20年ぶりに来た人でも、名前とどんな仕事についていたかぐらいは、たちどころに答えていた。 ところが、特別な人ではなく常日頃から名前を呼び合っている人の名前が瞬時に出てこない。 刺すような不安に全身が凍った。

 酒を飲みながら 中年の男達が 映画談議に饗じている。

“ほら、アメリカのすごい役者で、雪に閉ざされた別荘で だんだん気が狂っていく主役の男”
“ああ、あいつね。 あいつはいい、俺も大好きだね”
“あの映画のカントクは天才だね。 沢山の作品をつくっているけど 名前が出てこないよ”
“『2001年宇宙への旅』のカントクだよ”
“あっ スタンリー・クレーマーだ”

そこで一同納得して話がまとまった様子なので、「クレーマー」じゃなくて「キューブリック」だよと言おうとして やめた。

 酒の酔いで記憶があいまいになるのは当然だ。
素面で仕事をしている俺は不安がつのるばかりだ。
次第に多くの人の名前を忘れてしまい、“ええと” とか “あのー” とか 固有名詞の代わりに ため息まじりばかりになる。

 距離のおける人間関係なら それでもよいが、妻の名前が出てこなくなったら 事 重大である。
そんな不安と妄想にあった矢先に 手にした本が 「明日への記憶」 であった。

五十代の主人公は広告業界でバリバリ仕事をこなす。
その人が若年性アルツハイマーを発症し、記憶が寸断され、社会生活が破壊されていく様子を ゆるやかに描いていく。
そのゆるやかな流れが 病気の進行を暗示する。 故に不気味だ。

やがて 崩れていく己の人格と生活を 正面から受け入れて、生きようとする男に 勇気と救いの予感を抱いた。
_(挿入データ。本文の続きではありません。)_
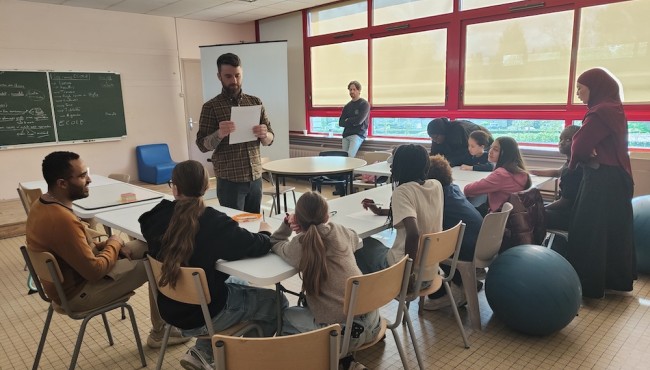 Projet franco haïtien avec l’association Educ’timoun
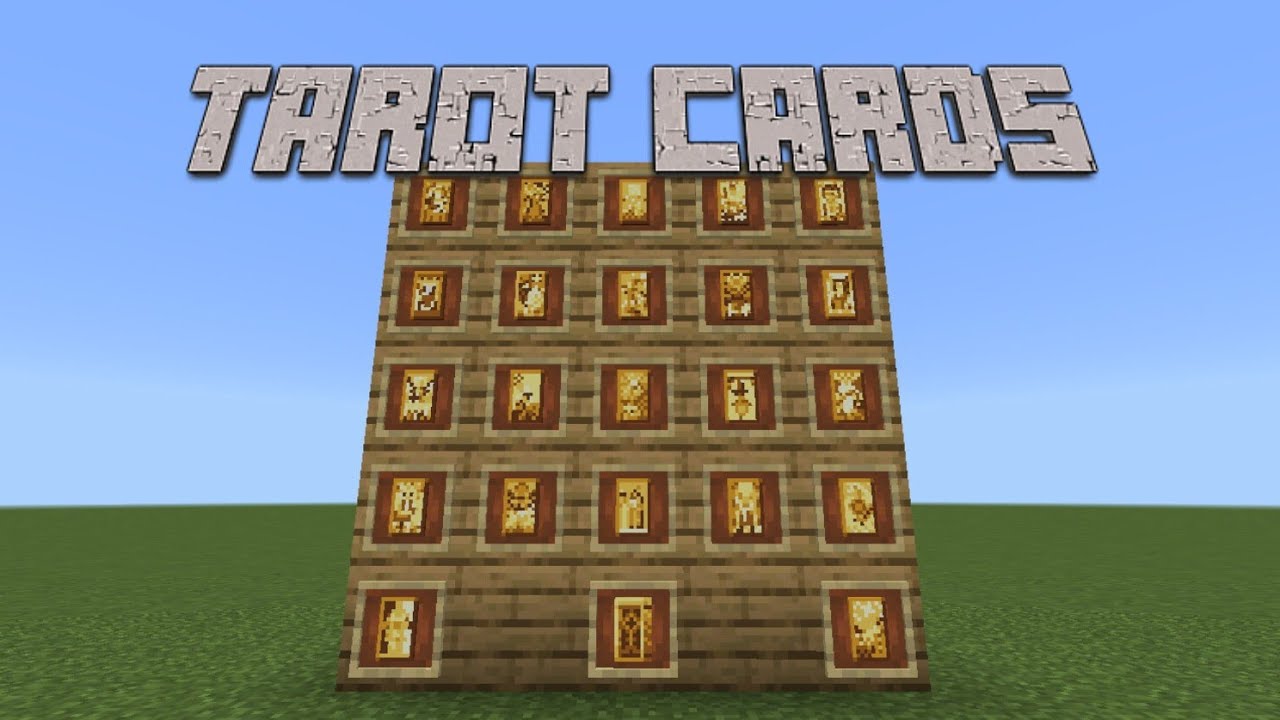 Tarot Cards Addon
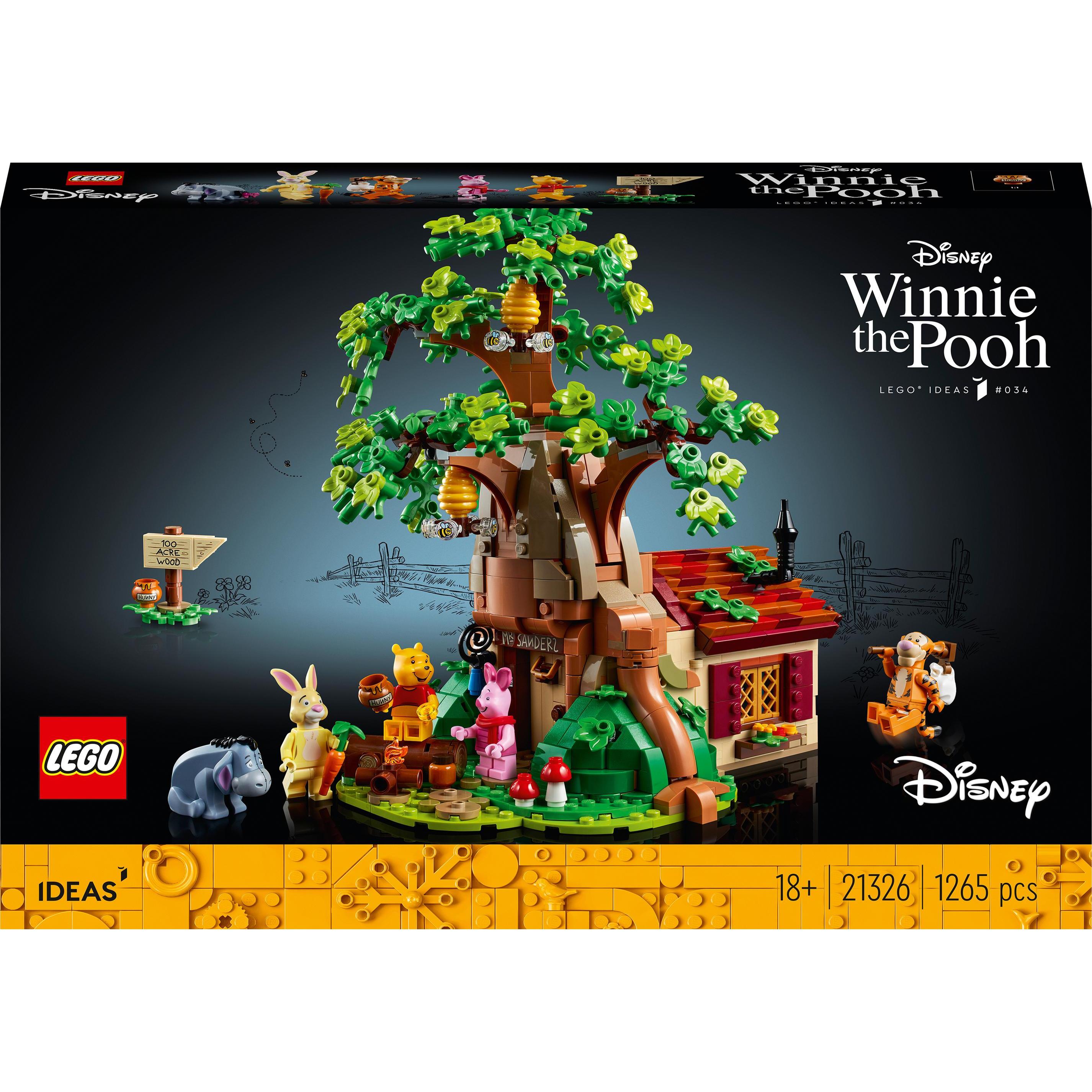 LEGO Winnie the Pooh (21326, LEGO Ideas, Set LEGO rari)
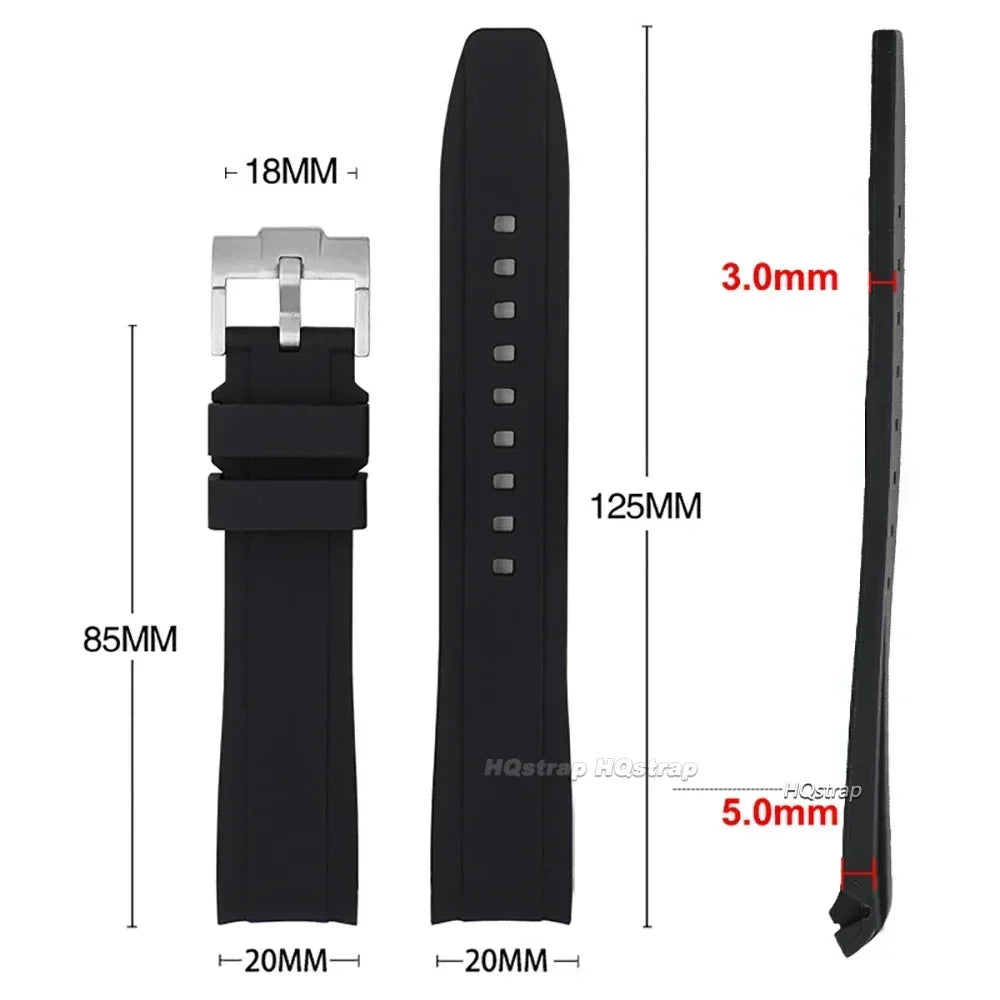 CowLost | watch-bands-product_id-silicone-watch-strap-for-swatch-omega-moonswatch-with-stainless-steel-buckle-20mm-22mm-waterproof-unisex |6
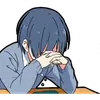 Эмодзи Отаку тян | Otaku chan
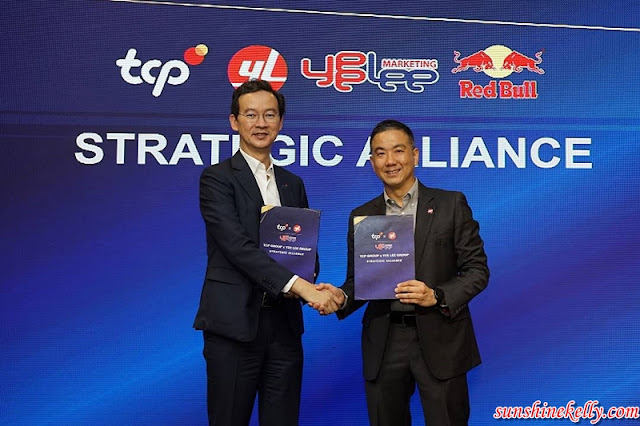 Yee Lee Group TCP Group Strategic Alliance, Yee Lee Group, TCP Group, Red Bull,  Red Bull Plus, Yoovidhya family, Food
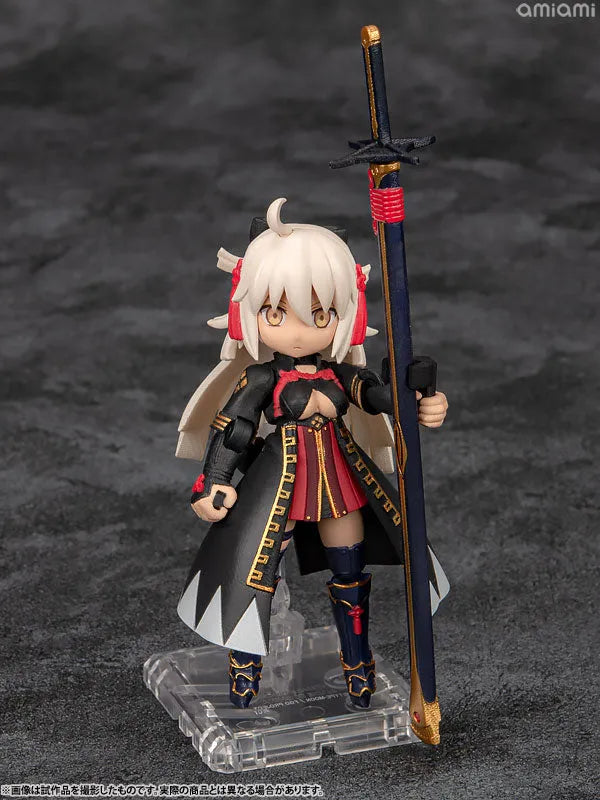 Fate/Grand Order - Jeanne d'Arc (Alter) - Desktop Army - Desktop Army Fate/Grand Order 4th - Avenger (MegaHouse)ㅤ – MegaHouse – ActionFigureBrasil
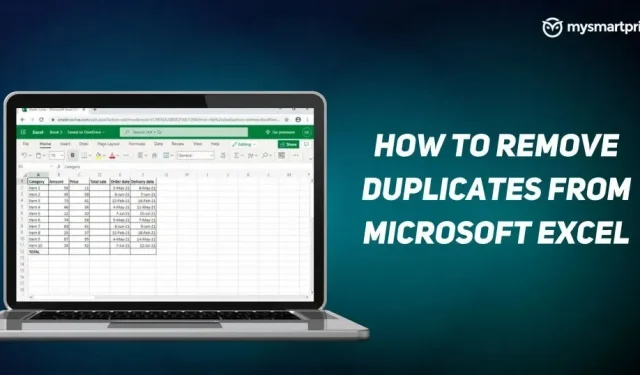 Dubbele formule in Excel: Duplicaten verwijderen in MS Excel – Stapsgewijze handleiding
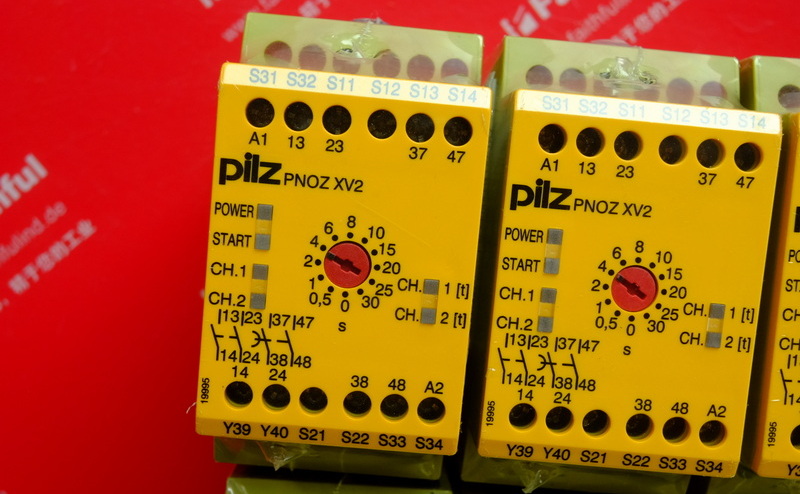 Pilz 774500 PILZ Sicherheits relais modul PNOZ XV2 30/24VDC 2n/o 2n/o t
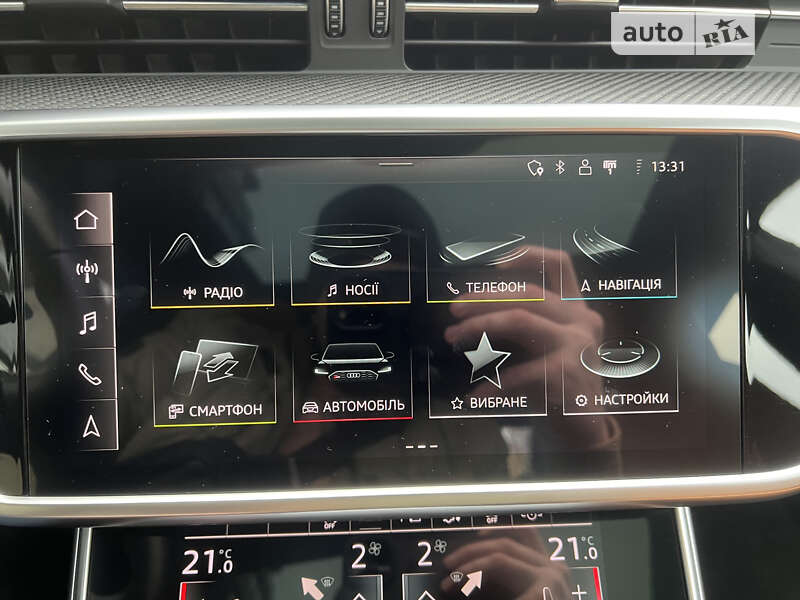 Лифтбек Audi RS7 Sportback 2021 в Киеве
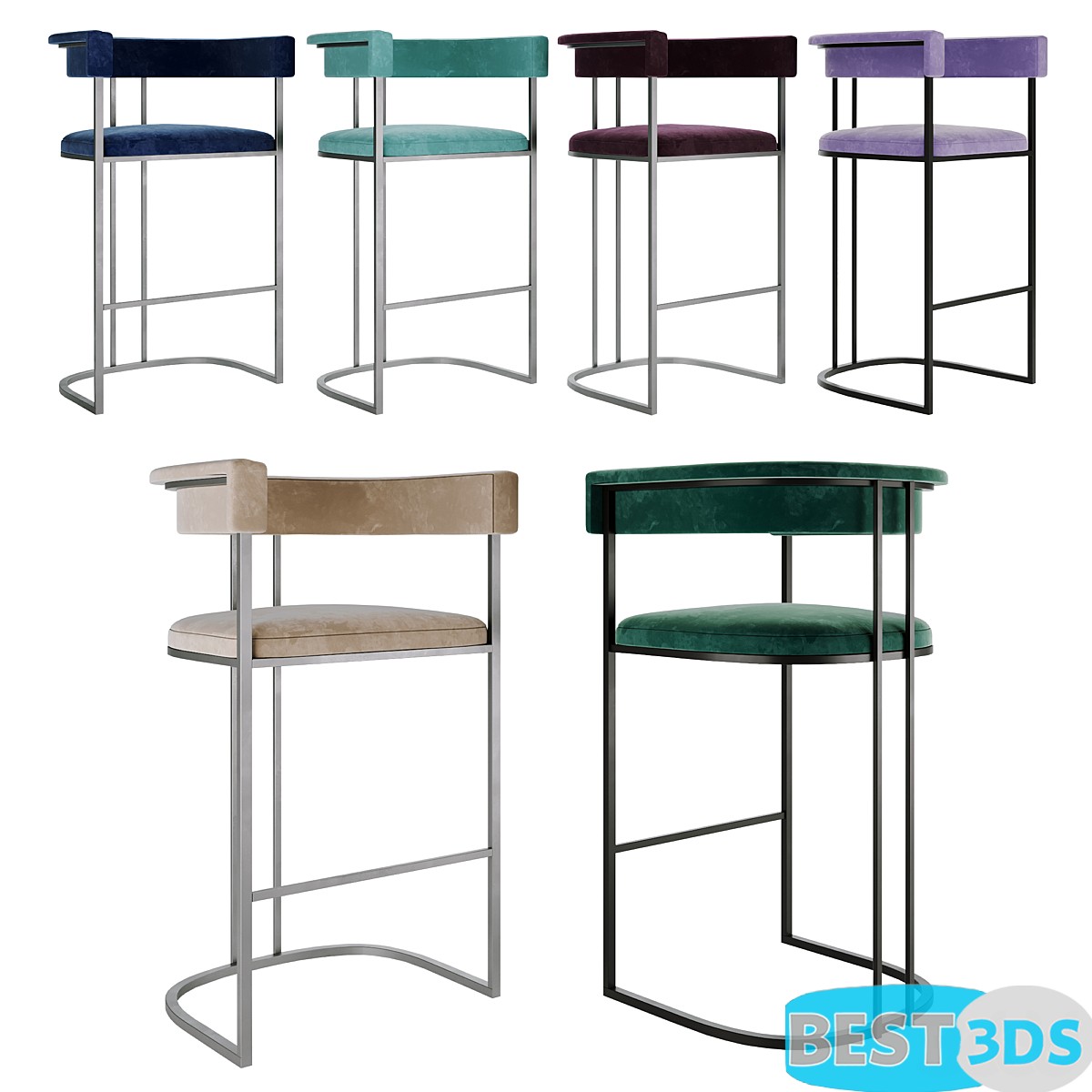 Pack model 3D- Canapé – Image 333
 近頃、俺はよくメモする。 覚えにくい人の名を書きとめることにした。
人の名前を誤ってしまうのは失礼なことだが 何よりも 脳の中にしっかり その名前を刻みこみたいからだ。

≪追記≫
 新潟の地震以来、婆娑羅では 純米酒は必ず新潟の酒を使うようにしています。
今年、一年間はそうするつもりです。

二月に入り、能登の牡蠣はいっそう うまみが深くなりました。 形も大きくなり これからが本格的にうまい。